Auch in Matthäus 19,4–8 spricht der Herr Jesus von einem „Anfang“, bezieht sich dabei aber offensichtlich nicht auf den Anfang der Schöpfung von 1. Mose 1,1, sondern auf die Erschaffung von Mann und Frau in 1. Mose 2, und wie Gott ihnen ihren jeweiligen Platz zuwies und ihnen die Schöpfung unterstellte.

Adam ist jedoch ein „Vorbild des Zukünftigen” (Röm 5,14), und sein tiefer Schlaf und sein Erwachen, woraus die Frau hervorging, war ein Vorbild von dem Tod und der Auferstehung Christi, woraus die Versammlung hervorging, die sein Leib und seine Braut ist. Als der Auferstandene ist Er der Anfang.

„Und er ist das Haupt des Leibes, der Versammlung, der der Anfang ist, der Erstgeborene aus den Toten, damit er in allem den Vorrang habe“ (Kol 1,18). Das herrliche Haupt des Leibes ist der Mittelpunkt. Hier finden wir Ihm als den auferstandenen Menschen. Er ist der „Erstgeborene aus den Toten“ und als solcher „der Anfang“. Alles das, was einen Teil dieser neuen Schöpfung bildet, hat seinen Ursprung in Ihm und seinen Charakter von Ihm.

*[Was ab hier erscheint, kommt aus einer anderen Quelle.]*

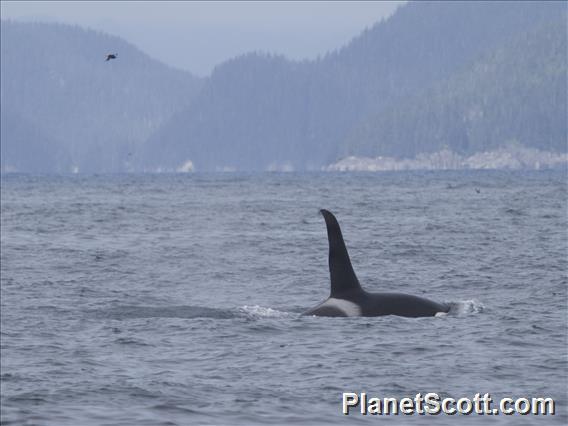 Killer Whale (Orcinus orca) - with Puffin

In welche Sphäre wir auch blicken, ob Schöpfung in Vers 16 oder Erlösung in Vers 18, immer steht Er einzigartig da. Er hat in allem den Vorrang.

Die große Tatsache, mit der wir es unmittelbar zu tun haben, ist jedoch, dass wir in dem auferstandenen Christus den Anfang des gewaltigen neuen Schöpfungssystems sehen, so wie wir in seinem Tod die Grundlage dafür finden.

Epheser 3,15 deutet an, dass es in der Zukunft verschiedene „Familien”, verschiedene Beziehungen und Vorrechte geben wird, wovon einige himmlischer und einige irdischer Natur sind: „Der Vater unseres Herrn Jesus Christus, von dem jede Familie in den Himmeln und auf Erden benannt wird.“

Dementsprechend sagt der Herr selbst: „In dem Haus meines Vaters sind viele Wohnung … ich gehe hin, euch eine Stätte zu bereiten“ (Joh 14,2).

Einen kurzen Einblick in einige dieser verschiedenen Familien gibt uns Hebräer 12,22–24. Das himmlische Jerusalem wird erwähnt, Engel, die Versammlung der Erstgeborenen und auch die Geister der vollendeten Gerechten. In Offenbarung 21 und 22 wird der Schleier über der Zukunft gelüftet, und wir dürfen ein wenig dieser Schöpfung im Detail anschauen, von der Christus in Auferstehung der Anfang ist. Es ist bemerkenswert, dass wir in diesen Kapiteln zweimal die Worte lesen: „Ich bin das Alpha und das Omega, der Anfang und das Ende“ (Off 21,6; 22,13), und in beiden Fällen spricht der Herr Jesus Christus. Er ist es, der in der Vision des Johannes auf dem Thron sitzt und alles neu macht (Off 21,5), und Er ist der Kommende, dessen Lohn mit Ihm ist (Off 22,12).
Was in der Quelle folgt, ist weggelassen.